To describe how Hermite conducts the mathematical narration, the grammatical categories of the verbs and the personal pronouns are now considered.

First of all, it is telling to look at the list of the verbs which are the most specific to Hermite: ai, savoir, conduit, tire, faisant, donne, supposant, vais, conclut, trouve, obtient, obtenir, écrire, observe, a, été, remarque, employant, parvenir, trouvera. For Jordan, the most specific verbs are: sera, contient, formé, contiendra, pourra, contenu, aura, Soient, contenant, déplace, Supposons, forme, être, existe, serait, déplacent, seront, transforme, succéder.

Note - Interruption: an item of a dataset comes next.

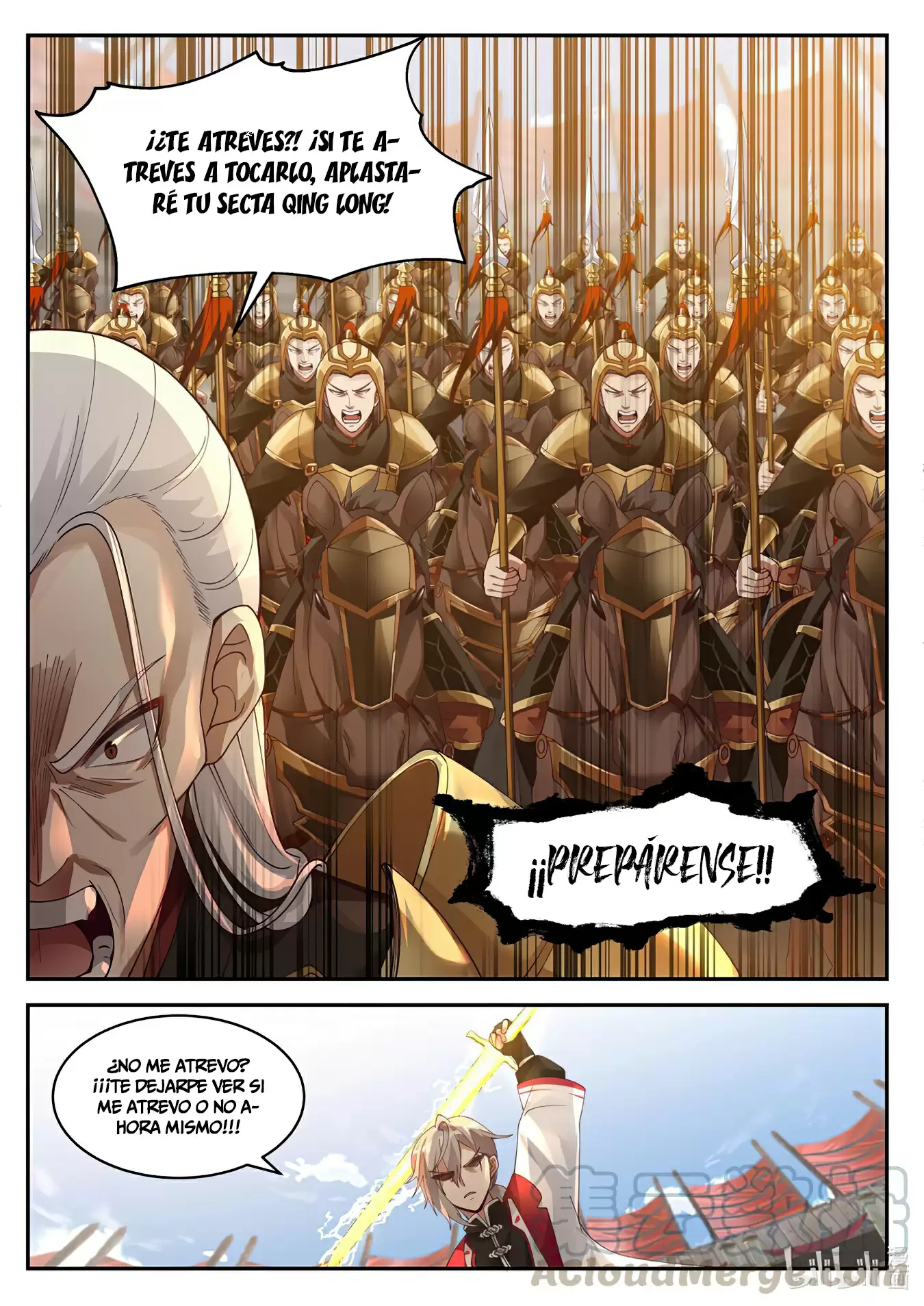 Dios Marcial Asura — Capítulo 217 — 7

From the semantic point of view, Jordan’s list contain a few technical verbs (such as contient, contiendra, contenu, contenant, which are inflections of the infinitive contenir: “to contain”) as well as a certain number of stative verbs (such as sera, serait, seront, which come from the infinitive être: “to be”). On the contrary, one finds on Hermite’s side a variety of verbs which evoke the description of processes, with the inflections of conduire, tirer, trouver, observer, écrire (“to lead,” “to draw,” “to find,” “to observe,” “to write”) among others.

Furthermore, as the conjugated forms of these verbs let us guess, the grammatical subjects that are associated with them are not of the same kind: for Jordan, these subjects are very often the mathematical objects themselves – for instance, it is a group that “contains” an element – while the action described by Hermite’s verbs is taken care of by a person, real or fictive – it is someone who “draws” a conclusion from a premise.

This asymmetry is confirmed by the inspection of the personal pronouns. Those that are over-represented in Hermite’s corpus are related to the different forms of the first person singular je (“I”), the semi-impersonal on (“one”) and the second person plural. The latter is due to the French vouvoiement, which appears exclusively in the published letters. It is however remarkable that the over-abundance of the je and the on holds even after removing these special publications from the comparative counting. Jordan, on his side, favours the employment of the personal pronouns related to il and elle (“he/it,” “she”). The il, for instance, almost never refers to a person; its occurrences either designate mathematical objects or are used in impersonal, fixed phrases such as il y a, il faut, il existe (“there is,” “one has to,” “there exist(s)”).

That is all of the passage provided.